Open Challenges in Multi-Agent Security: Towards Secure Systems of Interacting AI Agents

Christian Schroeder de Witt,Klaudia Krawiecka,Igor Krawczuk,Ben Hagag,William L. Anderson,Peter Belcak,Ben Bucknall,Xiaohong Cai,Ayush Chopra,Doron Cohen,Ron F. Del Rosario,Andis Draguns,Annie Gray,Keren Katz,Vasilios Mavroudis,Jaron Mink,Sumeet Ramesh Motwani,Jonathan Petit,Leif-Sebastian Rembeck,Chandler Smith,John Sotiropoulos,Steven Young,Sarah Scheffler,Mary Llewellyn

AI agents are beginning to interact with each other directly and across internet platforms and physical environments, creating security challenges beyond traditional cybersecurity and AI safety frameworks. Free-form protocols are essential for AI's task generalization but enable new threats like secret collusion and coordinated swarm attacks. Network effects can rapidly spread privacy breaches, disinformation, jailbreaks, and data poisoning, while multi-agent dispersion and stealth optimization help adversaries evade oversight - creating novel persistent threats at a systemic level. Despite their critical importance, these security challenges remain understudied, with research fragmented across disparate fields including AI security, multi-agent learning, complex systems, cybersecurity, game theory, distributed systems, and technical AI governance. We introduce multi-agent security, a new field dedicated to securing networks of AI agents against threats that emerge or amplify through their interactions - whether direct or indirect via shared environments - with each other, humans, and institutions, and characterise fundamental security-utility and security-security trade-offs across both distributed and decentralised settings. Our preliminary work (1) taxonomizes the threat landscape arising from interacting AI agents, (2) offers applications to multi-agent security for work across diffuse subfields, and (3) proposes a unified research agenda addressing open challenges in designing secure agent systems and interaction environments. By identifying these gaps, we aim to guide research in this critical area to unlock the socioeconomic potential of large-scale agent deployment, foster public trust, and mitigate national security risks in critical infrastructure and defense contexts.

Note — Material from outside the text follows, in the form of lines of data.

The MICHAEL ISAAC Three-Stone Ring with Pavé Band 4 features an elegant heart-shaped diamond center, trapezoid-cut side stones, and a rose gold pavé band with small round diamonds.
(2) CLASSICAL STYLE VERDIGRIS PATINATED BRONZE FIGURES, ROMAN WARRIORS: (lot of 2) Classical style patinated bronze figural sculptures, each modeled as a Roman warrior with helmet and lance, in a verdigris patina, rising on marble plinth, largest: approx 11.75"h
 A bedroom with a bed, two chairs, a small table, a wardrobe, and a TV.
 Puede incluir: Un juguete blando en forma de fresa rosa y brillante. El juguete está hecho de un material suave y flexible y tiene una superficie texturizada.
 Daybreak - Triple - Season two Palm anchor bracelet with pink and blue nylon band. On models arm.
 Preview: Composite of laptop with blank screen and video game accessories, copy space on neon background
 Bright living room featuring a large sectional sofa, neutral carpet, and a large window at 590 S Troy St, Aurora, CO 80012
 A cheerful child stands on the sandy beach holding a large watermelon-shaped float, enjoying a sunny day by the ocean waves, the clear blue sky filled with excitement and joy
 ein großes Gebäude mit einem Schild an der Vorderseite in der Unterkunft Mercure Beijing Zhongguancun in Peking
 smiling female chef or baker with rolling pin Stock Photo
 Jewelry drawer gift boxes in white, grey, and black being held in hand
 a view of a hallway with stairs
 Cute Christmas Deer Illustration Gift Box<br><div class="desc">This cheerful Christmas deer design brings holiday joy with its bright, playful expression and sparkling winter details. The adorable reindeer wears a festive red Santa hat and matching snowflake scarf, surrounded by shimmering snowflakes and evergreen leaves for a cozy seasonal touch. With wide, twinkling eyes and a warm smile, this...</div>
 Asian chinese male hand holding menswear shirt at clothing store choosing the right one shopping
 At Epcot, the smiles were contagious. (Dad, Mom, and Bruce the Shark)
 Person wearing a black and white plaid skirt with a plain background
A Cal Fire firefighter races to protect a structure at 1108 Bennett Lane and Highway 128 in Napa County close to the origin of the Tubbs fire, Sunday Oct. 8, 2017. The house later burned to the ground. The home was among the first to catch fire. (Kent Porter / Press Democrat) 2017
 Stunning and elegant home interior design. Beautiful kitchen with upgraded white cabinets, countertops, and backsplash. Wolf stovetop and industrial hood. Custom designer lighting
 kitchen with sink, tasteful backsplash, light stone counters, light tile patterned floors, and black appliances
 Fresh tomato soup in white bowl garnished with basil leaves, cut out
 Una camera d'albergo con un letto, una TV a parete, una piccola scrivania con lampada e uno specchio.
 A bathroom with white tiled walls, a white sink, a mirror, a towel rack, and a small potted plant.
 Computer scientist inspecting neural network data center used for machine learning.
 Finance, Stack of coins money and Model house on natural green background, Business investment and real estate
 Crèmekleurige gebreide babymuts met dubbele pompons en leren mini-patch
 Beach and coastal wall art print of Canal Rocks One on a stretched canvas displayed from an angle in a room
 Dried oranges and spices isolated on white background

翻译：人工智能智能体正开始通过互联网平台和物理环境直接相互交互，由此产生了超越传统网络安全和人工智能安全框架的安全挑战。自由格式协议对于AI的任务泛化至关重要，但同时也催生了诸如秘密串通和协调式群体攻击等新型威胁。网络效应可能迅速传播隐私泄露、虚假信息、越狱攻击和数据投毒，而多智能体分散部署与隐蔽性优化则帮助对手规避监管——从而在系统层面形成新型持续性威胁。尽管这些安全挑战至关重要，但相关研究仍显不足，且碎片化地分布在包括AI安全、多智能体学习、复杂系统、网络安全、博弈论、分布式系统和技术性AI治理等不同领域。我们提出了"多智能体安全"这一新领域，致力于保护AI智能体网络免受通过相互交互（无论是直接交互还是通过共享环境的间接交互）、与人类及机构交互而产生或放大的威胁，并刻画了分布式和去中心化场景下的基本安全-效用权衡及安全-安全权衡。我们的初步工作：（1）对交互式AI智能体引发的威胁格局进行了分类；（2）为跨分散子领域的多智能体安全研究提供了应用框架；（3）提出了统一的研究议程，以应对设计安全智能体系统和交互环境中的开放挑战。通过识别这些研究空白，我们旨在引导这一关键领域的研究方向，从而释放大规模智能体部署的社会经济潜力、增强公众信任，并降低关键基础设施和国防领域的国家安全风险。